Exercise prompt
Pictures aside, can you reproduce the records word for word?
-*-
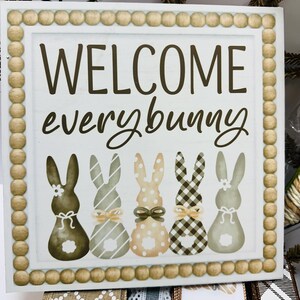 Peut inclure: Panneau carr&eacute; en bois avec l'inscription "WELCOME everybunny" en &eacute;criture marron. En dessous, cinq silhouettes de lapins avec diff&eacute;rents motifs et n&oelig;uds. Le panneau a une bordure perl&eacute;e.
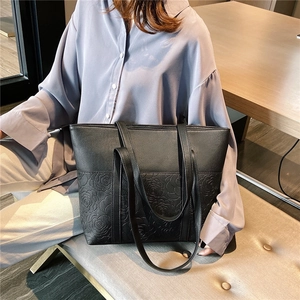 Black large capacity tote bag with embossed rose pattern and long shoulder straps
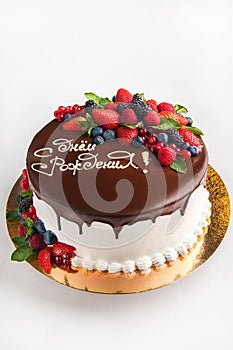 Cake with fruit, chocolate, flowers is isolated on a white background close-up and copy space. In Russian the inscription `Happy B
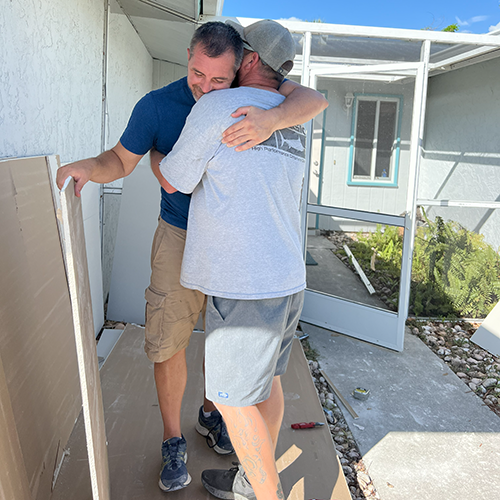 Two men hugging while prepping drywall to be hung inside a widow's home.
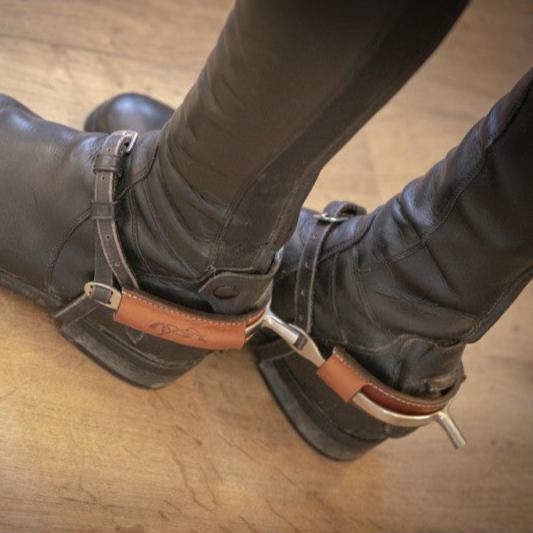 Penelope Collection Spur Covers made from leather with embossed equestrian logo.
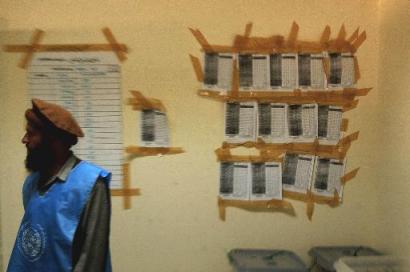 An Afghan electoral worker stands near election results posted on the wall at a counting center in Kabul, Afghanistan, on Tuesday, Oct. 19. 2004. Interim leader Hamid Karzai is certain to win the country's landmark presidential election, his campaign spokesman said Tuesday, after early returns gave him a commanding lead over his rivals. With more than one-quarter of the votes from the Oct. 9 ballot counted, Karzai has captured 60.8 percent. His closest challenger, former Education Minister Yunus Qanooni, trails with 18.3 percent. [AP]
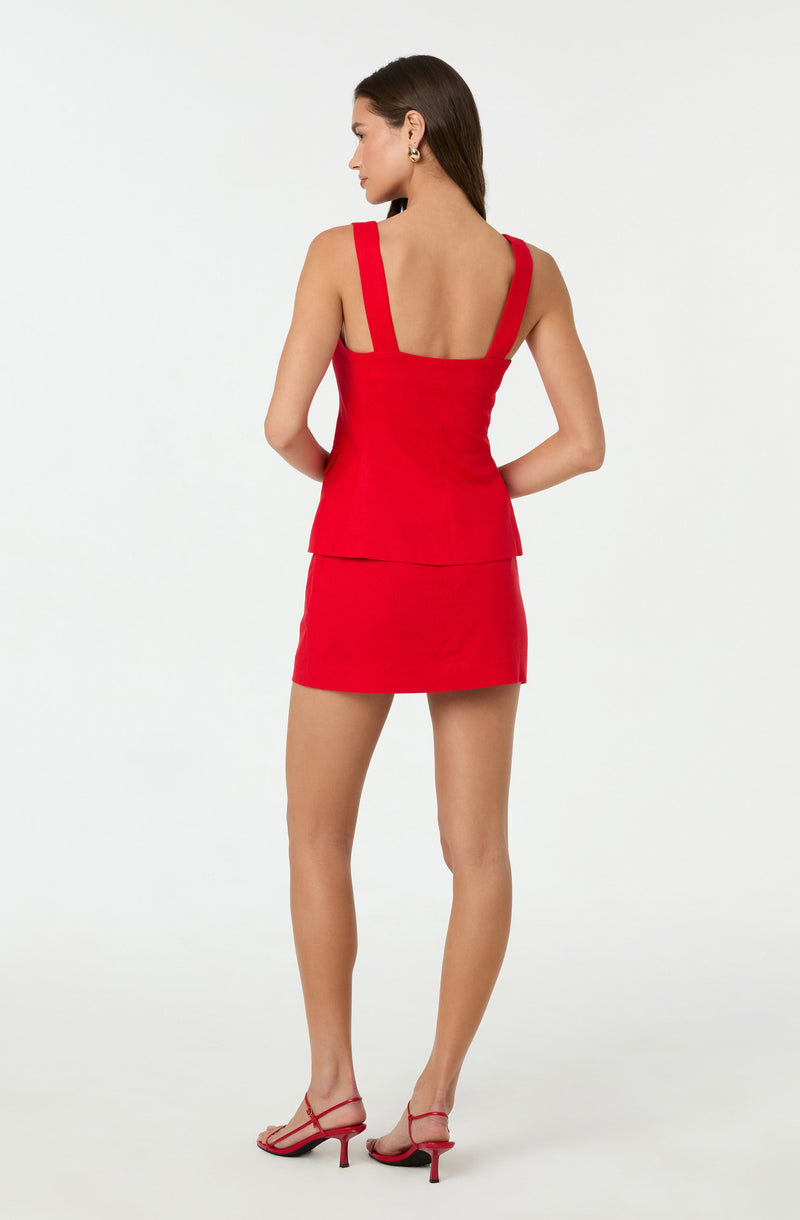 A woman is wearing a sleeveless, bright red two-piece outfit consisting of a fitted top with wide straps and a matching high-waisted mini skirt. She is also wearing open-toed, strappy red high heels.
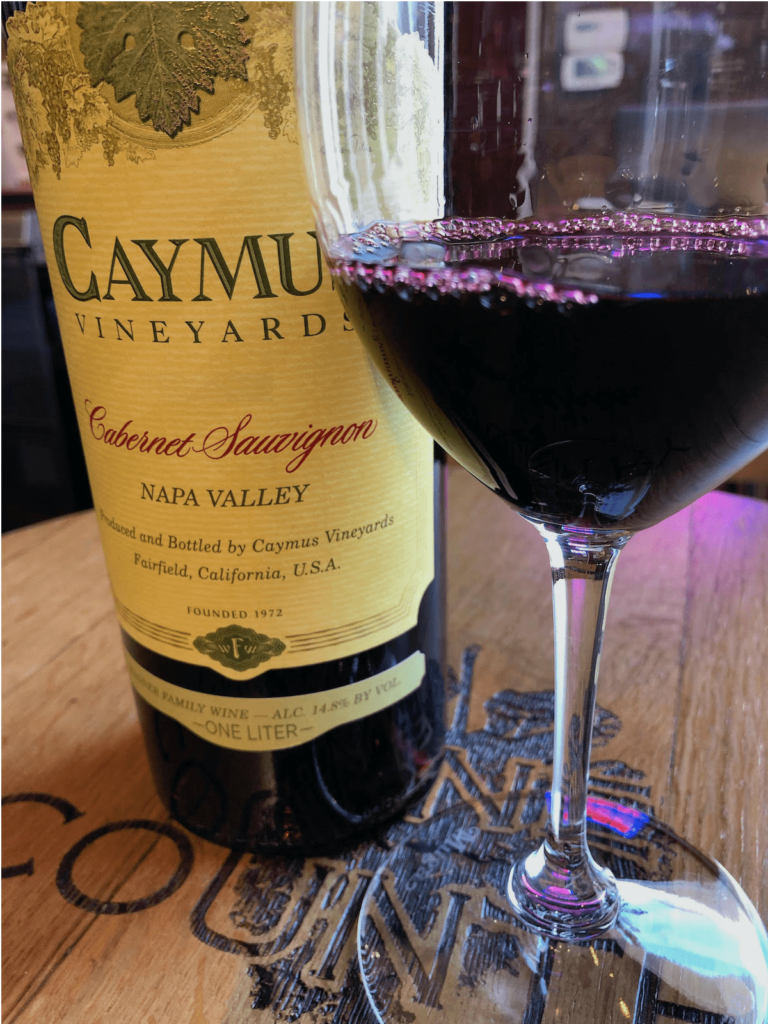 alt="Caymus Napa Valley Cabernet Sauvignon bottle & glass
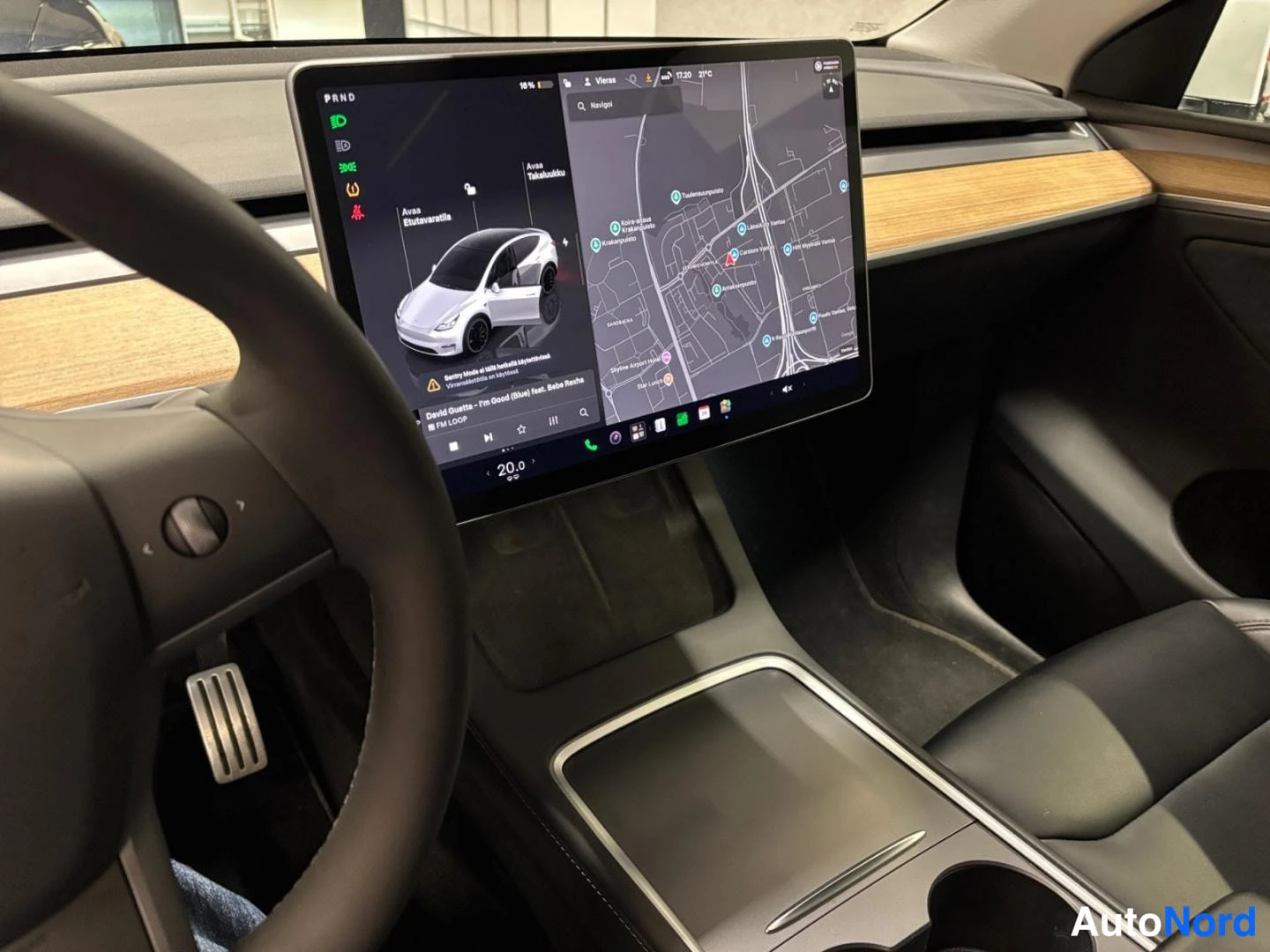 Muu: Kuljettajan näkökulma Tesla-automallin kosketusnäyttöön, jossa näkyy kartta ja ajoneuvon tilanäkymä.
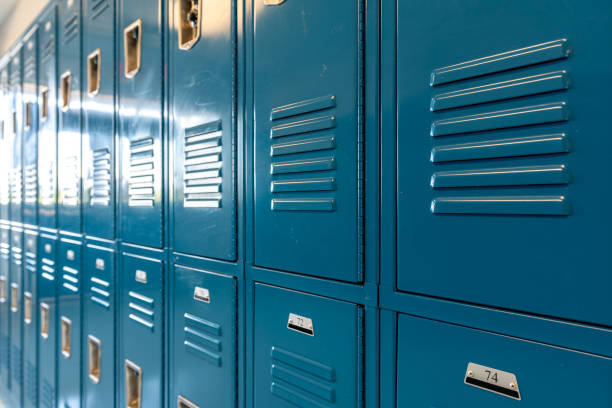 istock Blue metal lockers along a nondescript hallway in a typical US High School.  No identifiable information included and nobody in the hall. 1420229005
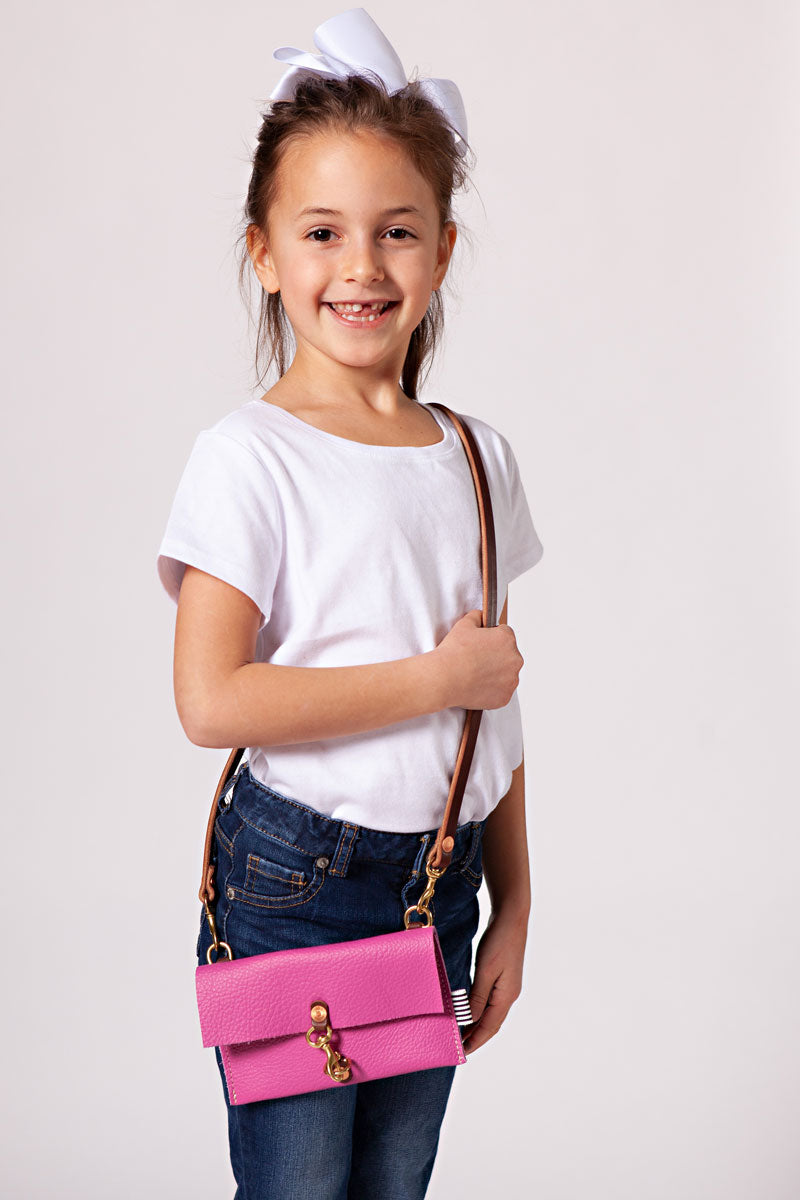 Mom and her daughter looking at each other both wearing matching pink fold over clutches.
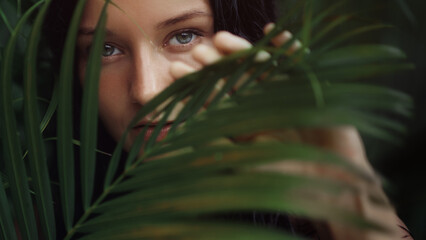 A close-up shot of a woman face as she peers through lush tropical foliage, her eyes partially...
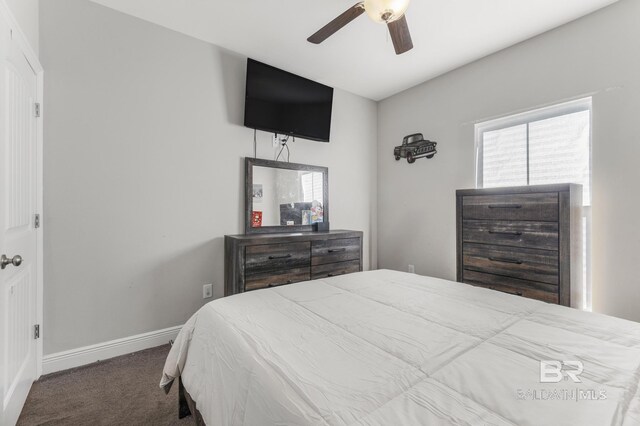 carpeted bedroom featuring baseboards and ceiling fan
-*-
Reply to the exercise
 Peut inclure: Panneau carr&eacute; en bois avec l'inscription "WELCOME everybunny" en &eacute;criture marron. En dessous, cinq silhouettes de lapins avec diff&eacute;rents motifs et n&oelig;uds. Le panneau a une bordure perl&eacute;e.
 Black large capacity tote bag with embossed rose pattern and long shoulder straps
 Cake with fruit, chocolate, flowers is isolated on a white background close-up and copy space. In Russian the inscription `Happy B
 Two men hugging while prepping drywall to be hung inside a widow's home.
 Penelope Collection Spur Covers made from leather with embossed equestrian logo.
 An Afghan electoral worker stands near election results posted on the wall at a counting center in Kabul, Afghanistan, on Tuesday, Oct. 19. 2004. Interim leader Hamid Karzai is certain to win the country's landmark presidential election, his campaign spokesman said Tuesday, after early returns gave him a commanding lead over his rivals. With more than one-quarter of the votes from the Oct. 9 ballot counted, Karzai has captured 60.8 percent. His closest challenger, former Education Minister Yunus Qanooni, trails with 18.3 percent. [AP]
 A woman is wearing a sleeveless, bright red two-piece outfit consisting of a fitted top with wide straps and a matching high-waisted mini skirt. She is also wearing open-toed, strappy red high heels.
 alt="Caymus Napa Valley Cabernet Sauvignon bottle & glass
 Muu: Kuljettajan näkökulma Tesla-automallin kosketusnäyttöön, jossa näkyy kartta ja ajoneuvon tilanäkymä.
 istock Blue metal lockers along a nondescript hallway in a typical US High School.  No identifiable information included and nobody in the hall. 1420229005
 Mom and her daughter looking at each other both wearing matching pink fold over clutches.
 A close-up shot of a woman face as she peers through lush tropical foliage, her eyes partially...
 carpeted bedroom featuring baseboards and ceiling fan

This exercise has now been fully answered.